By SKIP TUCKER, Alabama Daily News Featured Columnist

The legendary Lewis Grizzard noted the difference between naked and nekkid is that naked is just not having clothes on, but nekkid means that you’re up to something.

I have come to realize that the difference between a cemetery and a graveyard (bone orchard) is that graveyards are haunted. They’re up to something. Every one.

The rural Wrinkled don’t like to speak of such things. My grandmother said, “I don’t really believe in ghosts, but I’m scared of them.”

She believed some graveyards are worse than others. Some just might scare you and others, well, others might do worse. Some might get you. They are bone orchards.

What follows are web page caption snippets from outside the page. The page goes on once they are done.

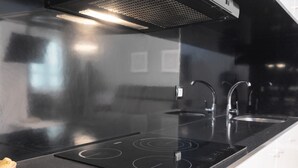 A modern kitchen with a black countertop, stainless steel appliances, and a range hood.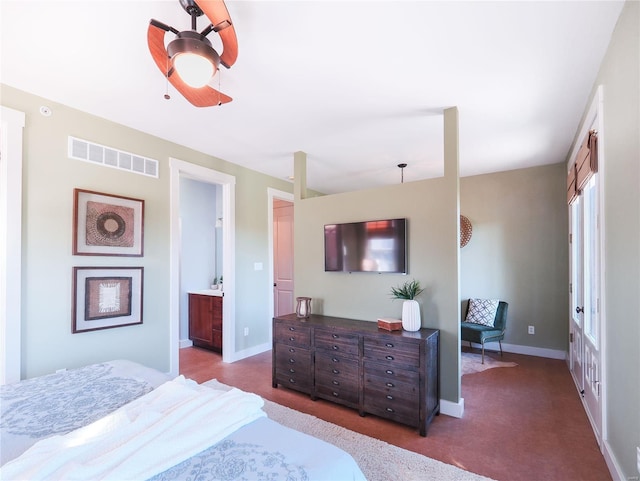 carpeted bedroom featuring ceiling fan and ensuite bath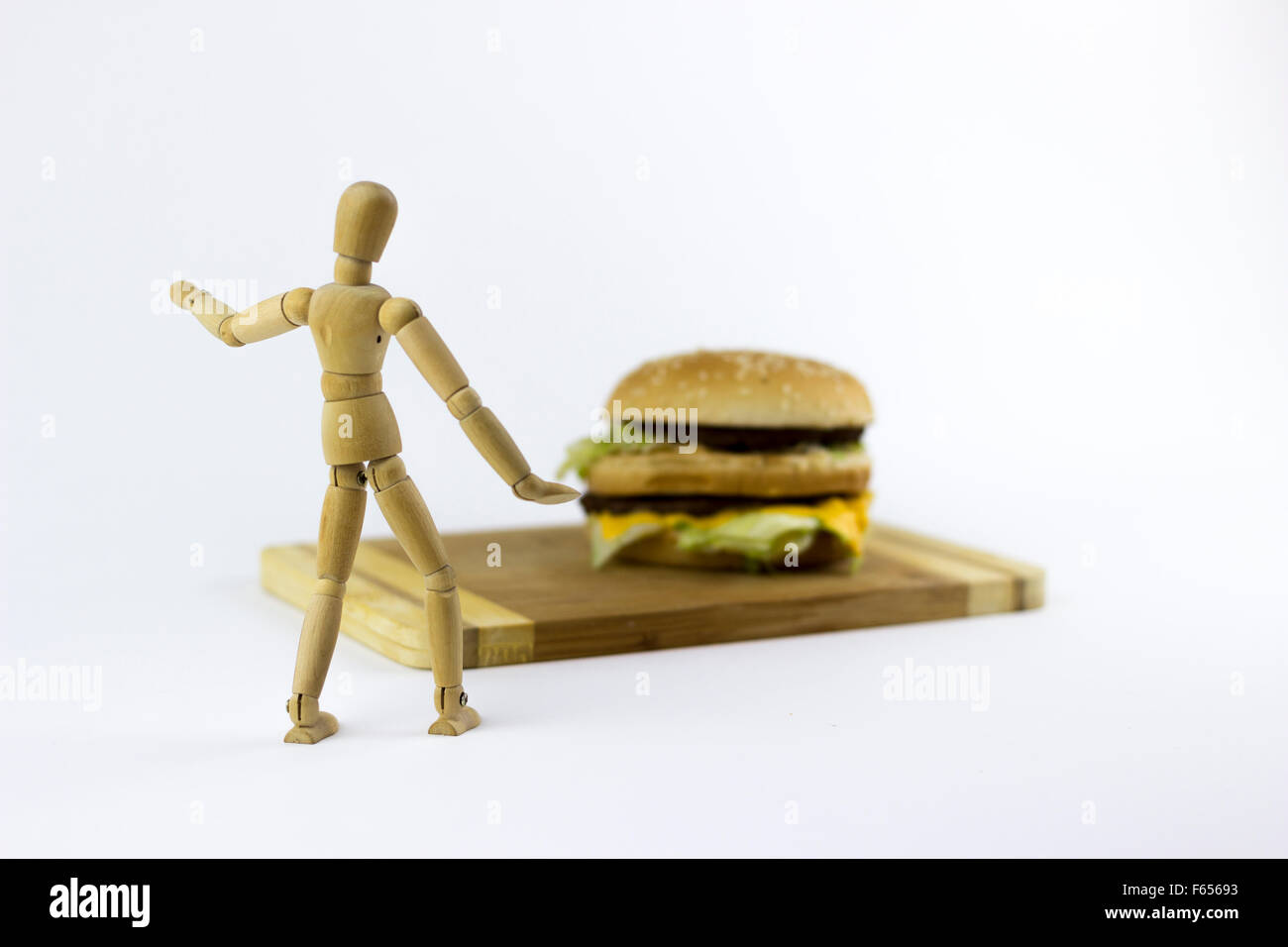 Une marionnette en bois à la recherche à un hambuger sur fond blanc Banque D'Images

Old Pisgah graveyard in northwest Walker County, with near 400 residents, is worse. Residents are permanent but perhaps restless, you know.  It sits, abandoned and furious, midst craggy hills and shadowy forests. It sits apart. And it’s said that whatever walks there at night walks alone.

There are more than 300 cemeteries and graveyards in Walker County. Old Pisgah is a bone orchard, with a reputation. It is therefore attractive to the hardy and the foolhardy. Its foreboding landscape is perfect for minor rites of passage – for hunting the mythic snipe or taking a dare. It is a prime place for young Lochinvars to terrify a maiden with lurid tales and, of course, to provide comfort.

Among those who know his exploits, D.T. is a legend. Of medium size but well made, dark haired handsome, he had a wry wit that bordered on gifted. He was smart. He could plan something for weeks, and also he could respond to a situation in a blink. So I don’t know when the Old Pisgah plan began to incubate – the set up and the sting.

Someone, it might’ve been D.T., planted the idea that Old Pisgah, outside police jurisdiction and away from prying eyes, might be the perfect spot to gather on Friday nights after the game, after the date, hoist a few cold ones and celebrate life right there in midst of death.

And so it became. Most Friday nights, eight or nine hardy (foolhardy?) souls would rendezvous at Old Pisgah, Sometimes there were a dozen guys lounging about, telling lies and laughing, sort of daring the tombstones.

At heart, maybe they were a little uneasy (whistling past the graveyard). None had seen a ghost or knew anyone who provingly had. But, well, absence of evidence is not evidence of absence. So they thought Old Pisgah was haunted, but they didn’t really believe it. D.T. changed all that.

D.T. was the first student at Walker High School to own the brand new invention, the cassette tape deck. Those portable recorders were at first used for business records and such. Later came the music cassettes.

They were expensive but D.T. got one, and he told nobody. Possibilities were always swinging through D.T.’s mind. He figured the deck was going to be useful. He wasn’t sure why or when or how. So I don’t know whether the Old Pisgah rendezvous or the tape deck came first.

The tape deck was not a toy yet, before mass production and the music. He paid more than a hundred bucks for it, and this is when gasoline was 30 cents a gallon and minimum hourly wage was a $1.25. The day the recorder arrived, D.T. went straight to the tool shed and came back to the living room with chains and a sheet of tin roofing.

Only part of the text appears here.